The Federal Circuit used two footnotes in Dynamic Drinkware to make clear that the decision applies only to the pre-AIA version of § 102. Under the AIA, § 102(e)(2) provides that U.S. patent documents can qualify as prior art and § 102(d) defines the date as of which U.S. patent documents can qualify as prior art:
A person shall be entitled to a patent application unless—
(a)(2) the claimed invention was described in a patent issued under section 151, or in an application for patent published or deemed published under section 122 (b), in which the patent or application, as the case may be, names another inventor and was effectively filed before the effective filing date of the claimed invention.
(d) Patents and Published Applications Effective as Prior Art.— For purposes of determining whether a patent or application for patent is prior art to a claimed invention under subsection (a)(2), such patent or application shall be considered to have been effectively filed, with respect to any subject matter described in the patent or application—
(1) if paragraph (2) does not apply, as of the actual filing date of the patent or the application for patent; or
(2) if the patent or application for patent is entitled to claim a right of priority under section 119, 365 (a), or 365 (b), or to claim the benefit of an earlier filing date under section 120, 121, or 365 (c), based upon 1 or more prior filed applications for patent, as of the filing date of the earliest such application that describes the subject matter.
The highlighted language in § 102(d) seems to be consistent with Wertheim (expanded to reach back to non-U.S. priority dates), but the USPTO sees it differently. In the Examination Guidelines for Implementing the First Inventor To File Provisions of the Leahy-Smith America Invents Act, the USPTO interprets § 102(d) as follows:
The AIA draws a distinction between actually being entitled to priority to, or the benefit of, a prior-filed application in the definition of effective filing date of a claimed invention in AIA 35 U.S.C. 100(i)(1)(B), and merely being entitled to claim priority to, or the benefit of, a prior-filed application in the definition of effectively filed in AIA 35 U.S.C. 102(d). As a result of this distinction, the question of whether a patent or published application is actually entitled to priority or benefit with respect to any of its claims is not at issue in determining the date the patent or published application was ‘‘effectively filed’’ for prior art purposes. Thus, as was the case even prior to the AIA, there is no need to evaluate whether any claim of a U.S. patent, U.S. patent application publication, or WIPO published application is actually entitled to priority or benefit under 35 U.S.C. 119 120, 121, or 365 when applying such a document as prior art.
This interpretation is based at least in part on the 2008 USPTO Board decision in Ex parte Yamaguchi, which held that In re Wertheim was “displaced” by the 18-month publication provisions of the American Inventors Protection Act of 1999 (AIPA), and that the prior art effect of a U.S. patent or application is not restricted by satisfaction of §112.

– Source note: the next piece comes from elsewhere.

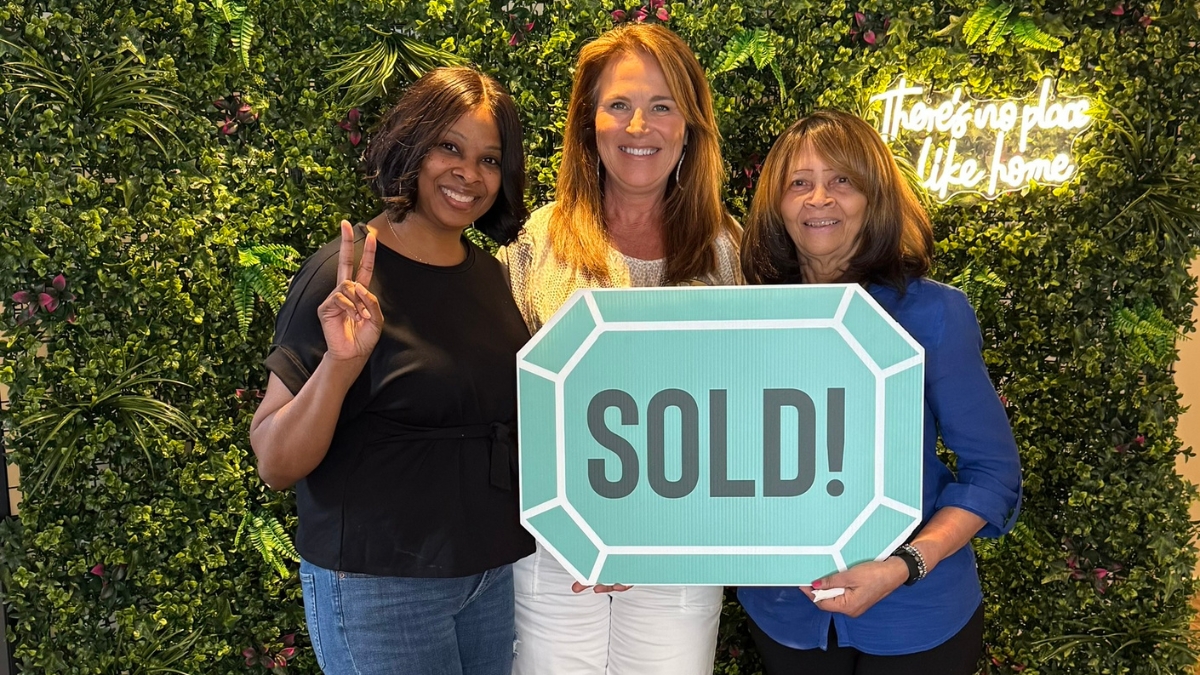Linda with clients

Does Dynamic Drinkware Turn On The Effective Date Of The AIPA?
The Board decision in Yamaguchi—and the USPTO’s interpretation of § 102(d)—can be reconciled with Dynamic Drinkware if the Federal Circuit’s reliance on Wertheim depended on the pre-AIPA filing date of the asserted patent. (U.S. Patent 7,153,555 was filed in May 2000, before 18-month publication came into effect, and so may not fall under the reasoning of Yamaguchi, although the application of the ‘555 patent was published prior to grant, in 2004) However, since the Federal Circuit did not discuss Yamaguchi or the AIPA, it is not clear that the court would draw such a line. Thus, we will have to wait for the court decide whether the “entitled … to claim the benefit of an earlier filing date” language in § 102(d) requires satisfaction of § 112 (as under Wertheim), or only satisfaction of the formal requirements for claiming priority (as per the USPTO).